Auch unter den Mitarbeitenden kann es am Anfang mal Reibereien geben, oft wegen der Sprache oder einfach aus Unsicherheit. Aber da greife ich sofort ein. Ich sage immer: “Wir sind hier ein Team, und wir ziehen alle am selben Strick. Die Nationalität spielt keine Rolle, solange die Arbeit stimmt und der Respekt da ist.” Wir hatten auch schon Schweizer, die anfangs etwas reserviert waren, aber wenn sie sehen, wie fleissig und kollegial die ausländischen Kollegen sind, dann löst sich das schnell auf. Wir fördern ganz bewusst den Austausch, zum Beispiel beim gemeinsamen Mittagessen. Man merkt schnell, dass wir alle Menschen sind und ähnliche Ziele haben.


Die Rolle der Familie: Haben Sie Erfahrungen mit Familiennachzug oder Pendler-Modellen?

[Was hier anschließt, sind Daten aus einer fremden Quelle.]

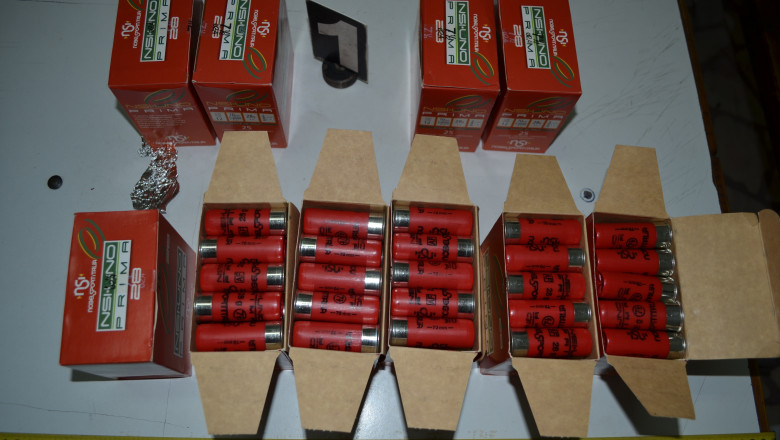 Politistii de la vama Albita au gasit 250 de cartuse de vanatoare in bagajele unui barbat Imagine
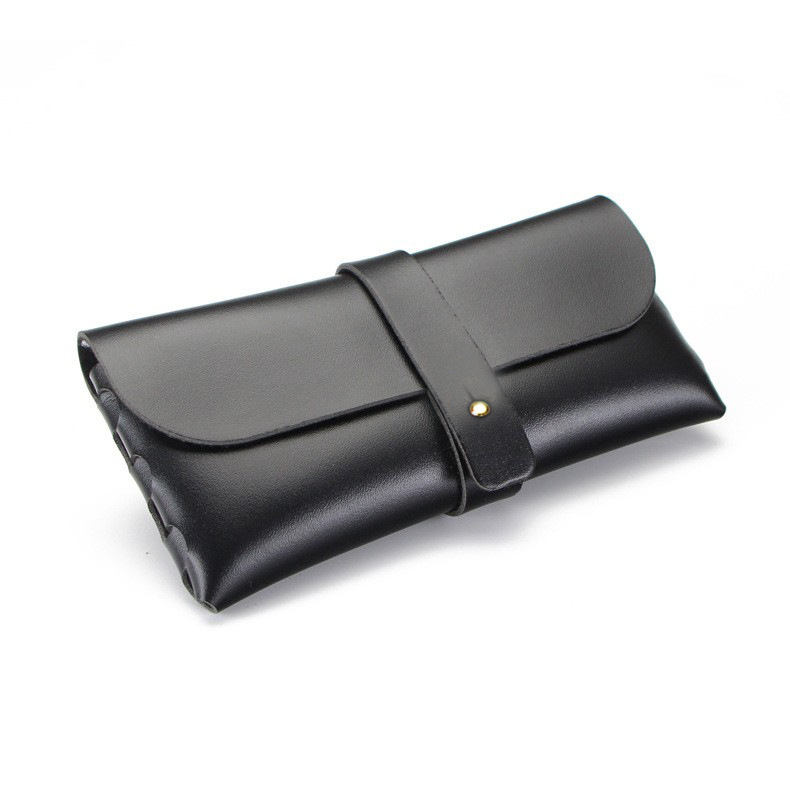 Portable Eye Storage Bag Leather Glasses Case Durable Card Sunglasses Bag Fashionable Glasses Soft Case Retro Fashion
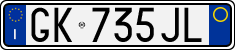 License plate of Italy, Cars (1994 year series)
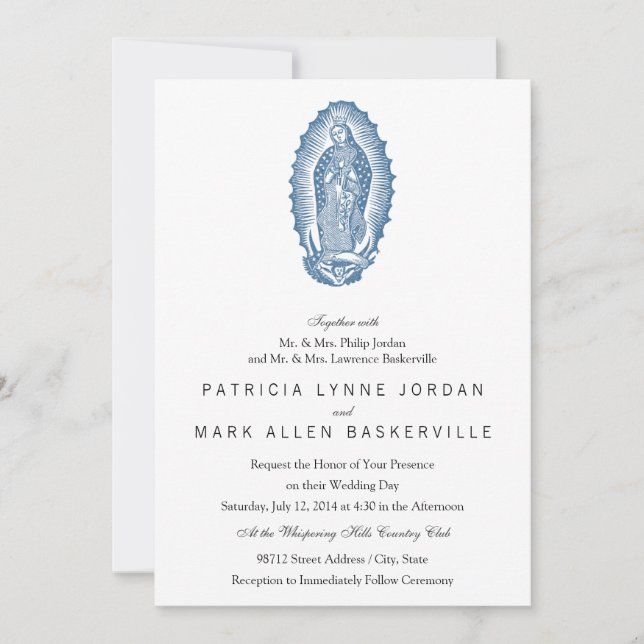 Our Lady of Guadalupe Invitation (Front)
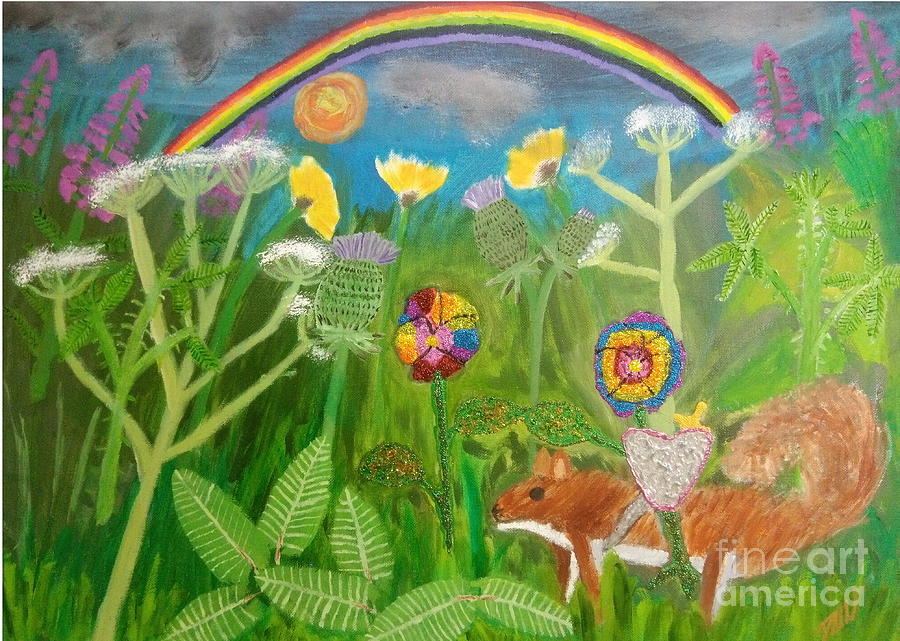 Rainbow Hero Painting by David Westwood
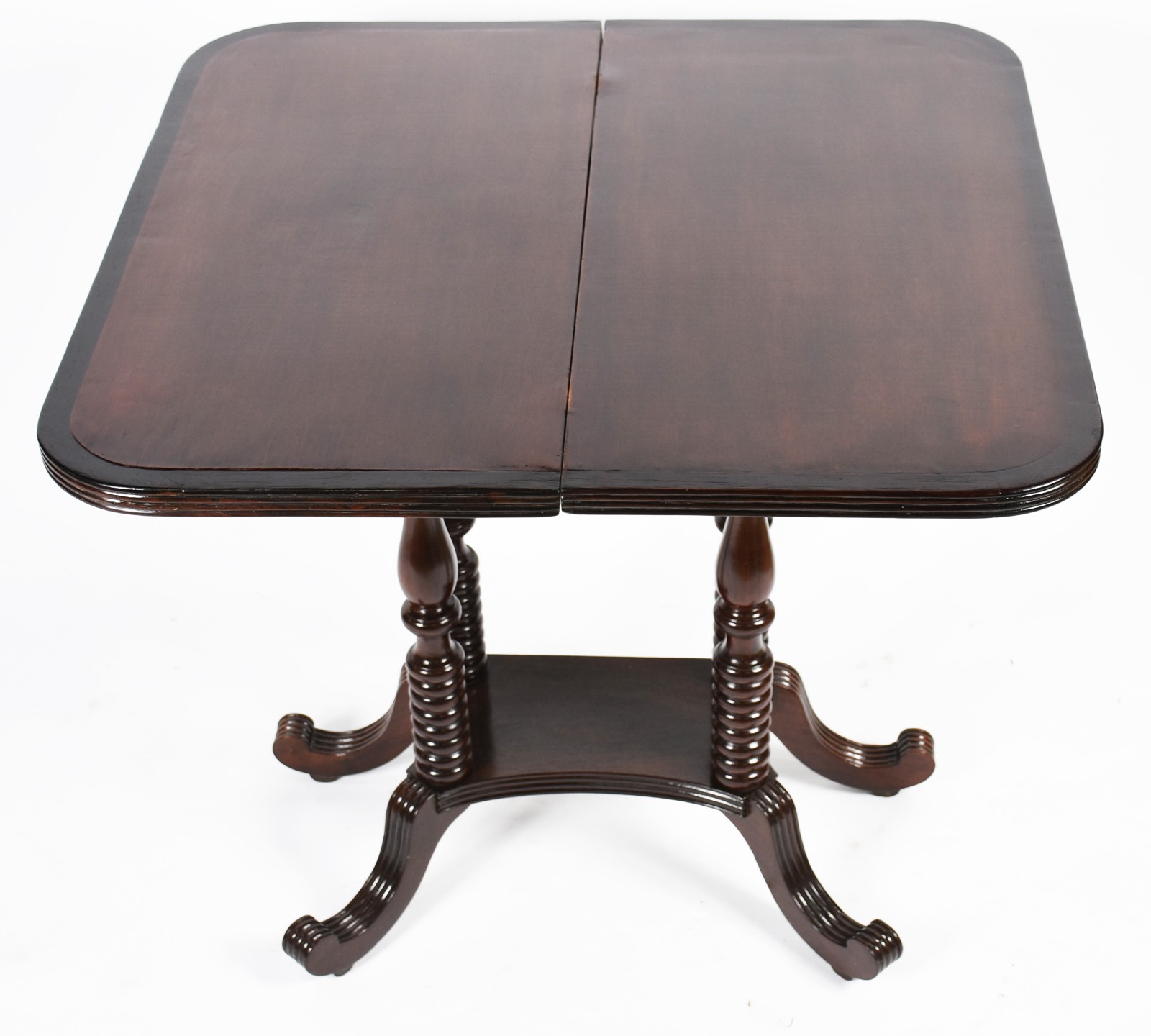 Elegante console reversível para mesa de madeira nobre, tampo apoiado... - foto 3 de 4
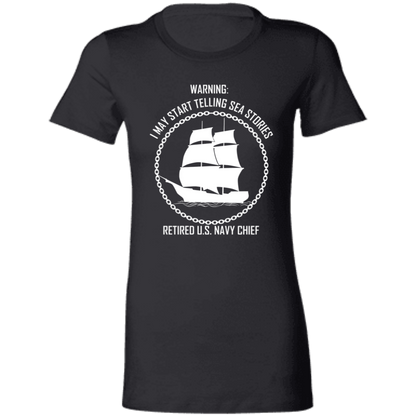 Retired Sea Stories White  Ladies' Favorite T-Shirt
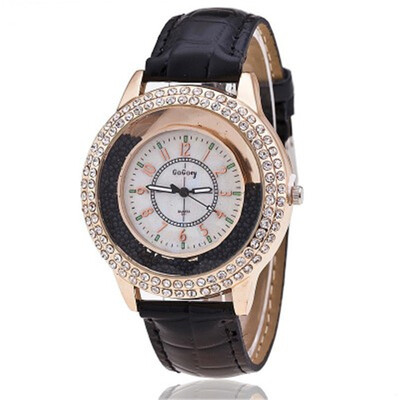 

Trend diamond-studded roller wheel decorative watch casual ladies belt quartz watch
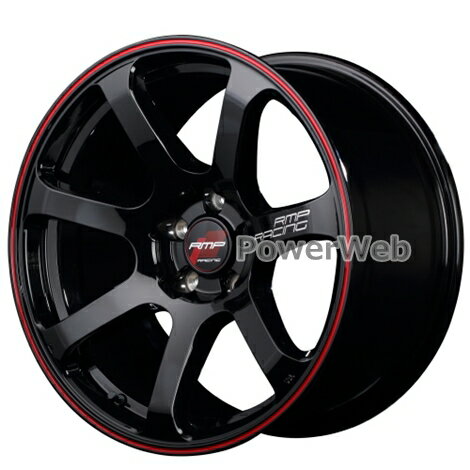 MID RMP RACING R07 (RMPレーシング R07) 18インチ 7.5J PCD:114.3 穴数:5 inset:50 ブラック/リムレッドライン [ホイール4本セット]
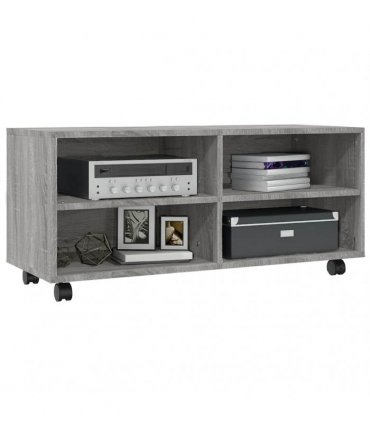 vidaXL TV Cabinet with Castors Grey Sonoma 90x35x35 cm Engineered Wood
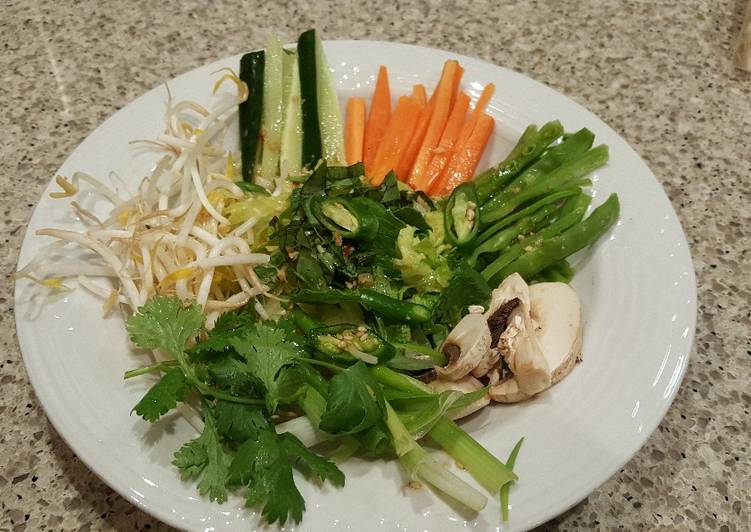Steps to Make Favorite Salad with vietnamese dressing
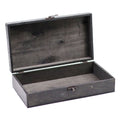 Tea / Gift / Hamper Box - Grey - Vintage Style Wooden Storage Box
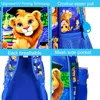 3Pcs Kids Backpack for Boys, 16" Lion Bookbag with Lunch Box, School Backpacks Set for Elementary Preschool Kindergarten 3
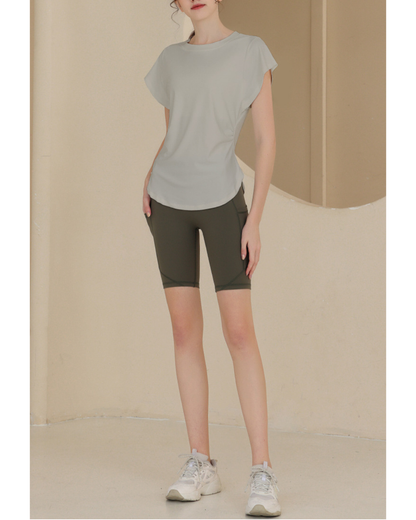 Waist squeeze French sleeve T 2517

Reporter: Das ist ein wichtiger Punkt, dieser Abbau von Vorurteilen. Ein weiteres Thema, das oft diskutiert wird, ist der Familiennachzug oder das Pendeln zwischen den Ländern. Welche Erfahrungen haben Sie diesbezüglich gemacht? Haben viele Ihrer Mitarbeitenden ihre Familien nachgeholt oder sind es eher Grenzgänger und Pendler?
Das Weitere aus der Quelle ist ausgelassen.